Write each line out exactly, from the one containing "Birmingham Botanical Gardens" through the final line of the data, and keep pictures out of the copy.

*** Begin section ***

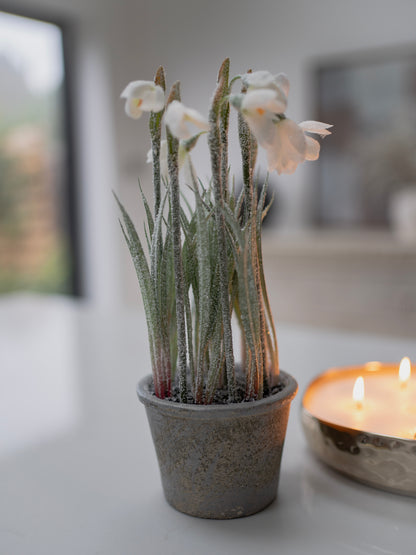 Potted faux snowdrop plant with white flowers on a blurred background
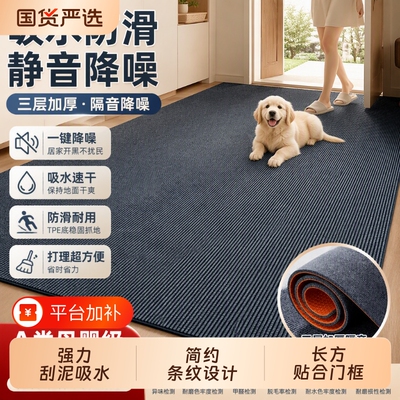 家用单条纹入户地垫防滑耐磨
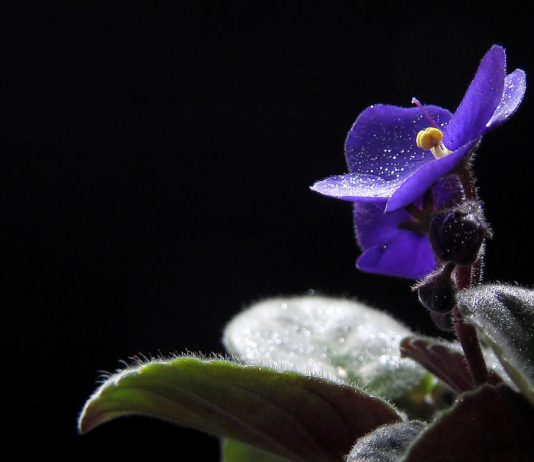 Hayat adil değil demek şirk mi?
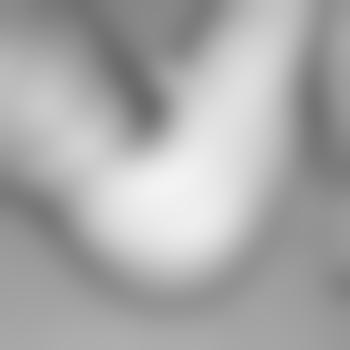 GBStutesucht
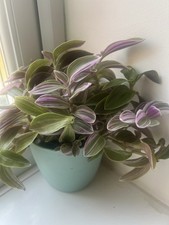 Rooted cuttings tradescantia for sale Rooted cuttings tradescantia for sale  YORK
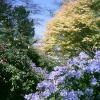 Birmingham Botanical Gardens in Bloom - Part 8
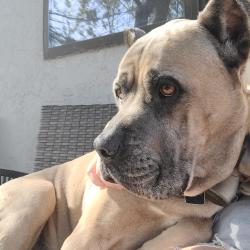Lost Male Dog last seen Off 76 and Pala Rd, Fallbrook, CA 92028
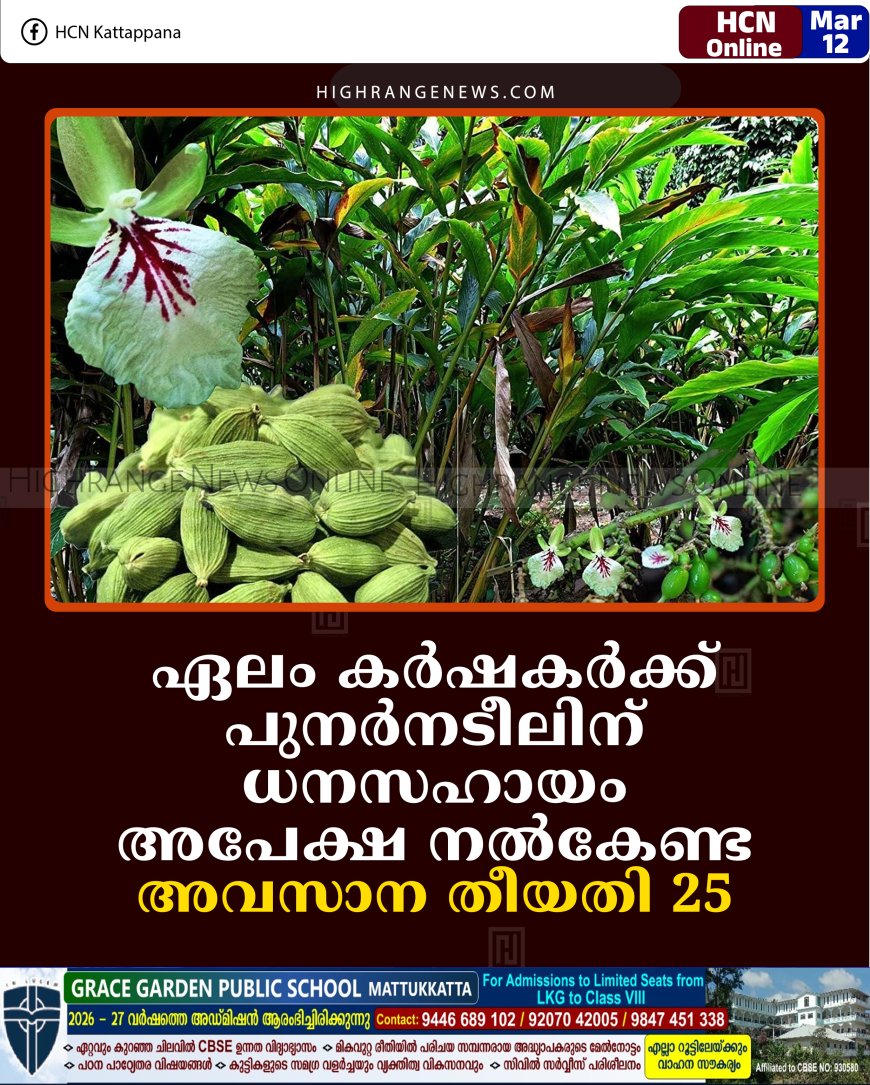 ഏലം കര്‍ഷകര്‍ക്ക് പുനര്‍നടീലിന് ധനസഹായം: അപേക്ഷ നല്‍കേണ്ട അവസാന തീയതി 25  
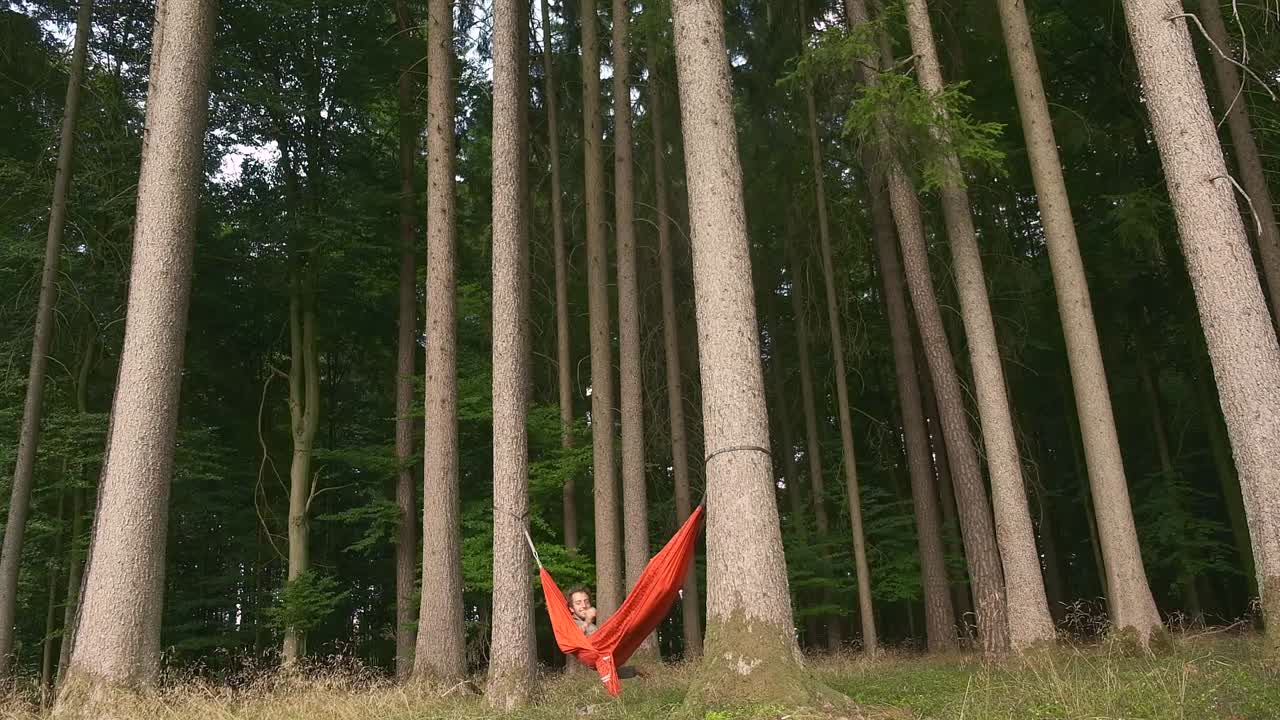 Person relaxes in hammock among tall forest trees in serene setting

*** End section ***

**Response**
 Birmingham Botanical Gardens in Bloom - Part 8
Lost Male Dog last seen Off 76 and Pala Rd, Fallbrook, CA 92028
 ഏലം കര്‍ഷകര്‍ക്ക് പുനര്‍നടീലിന് ധനസഹായം: അപേക്ഷ നല്‍കേണ്ട അവസാന തീയതി 25  
 Person relaxes in hammock among tall forest trees in serene setting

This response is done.